Fig. 2. Phylogenetic affiliation and functional classification of genes encoding bacterial CAZymes and peptidases throughout the water column.
Taxonomic variability at the phylum level (class level for Proteobacteria) of genes encoding CAZymes (A) and peptidases (C); functional composition of genes encoding CAZymes (B) and peptidases (D). Color bars along x axes indicate samples from different depth: green, epipelagic; light blue, mesopelagic; dark blue, bathypelagic; sandy yellow, OMZ.
Fig. 3. Phylogenetic affiliation and functional classification of transcripts for gene encoding bacterial CAZymes and peptidases in the bathypelagic ocean.
Taxonomic variability at the phylum level (class level for Proteobacteria) of transcripts for genes encoding CAZymes (A) and peptidases (C); functional composition of transcripts for genes encoding CAZymes (B) and peptidases (D).

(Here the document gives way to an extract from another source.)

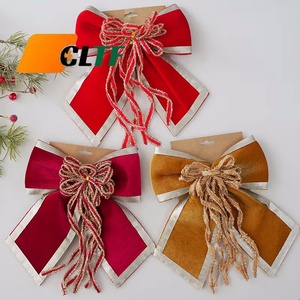 Ornamen Natal Pita Beludru Dekorasi Pita Natal untuk Pesta Baby Shower Ulang Tahun Pernikahan Dekorasi Pohon - Product Image 1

The metaproteome (endoproteome and exoproteome) analysis showed no clear depth stratification pattern (Fig. 4, A and C) and, similar to the metagenomic data, also identified Alphaproteobacteria, Gammaproteobacteria, and the unclassified bacterial group as the main contributors to the CAZyme and peptidase pool in the endoproteome (Fig. 4, A and C, left). However, Gammaproteobacteria accounted for ca. 75% of the secretory CAZyme and peptidase pool in the exoproteome (Fig. 4, A and C, right, and fig. S4). Bacteroidetes-affiliated CAZymes and peptidases (total and secretory) were also present throughout the water column, consistent with the metatranscriptome data. The high contribution of Gammaproteobacteria and the presence of Bacteroidetes-derived secretory enzymes in the exoproteome (Fig. 4, A and C, right) might indicate preferential utilization of POM by the bacterial community in the deep ocean (26, 27). As the concentration of sinking POM decreases exponentially toward bathypelagic waters, the expression of genes and the presence of proteins related to organic matter hydrolysis might indicate an autochthonous supply of POM in bathypelagic waters either from the nonsinking particle pool, chemoautotrophically produced organic matter, or injection of POM via the physical injection pump (4, 28, 29). Actually, it has been shown that there is a stable background concentration of neutrally buoyant or slow-sinking POM throughout the dark ocean’s water column (4, 22, 23).
Fig. 4. Phylogenetic affiliation and functional classification of bacterial CAZymes and peptidases throughout water column.
Taxonomic variability at the phylum level (class level for Proteobacteria) of CAZymes (A) and peptidases (C); functional composition of CAZymes (B) and peptidases (D). Color bars along x axes indicate samples from different depth: green, epipelagic; light blue, mesopelagic; dark blue, bathypelagic; sandy yellow, OMZ. Missing data are in white gap.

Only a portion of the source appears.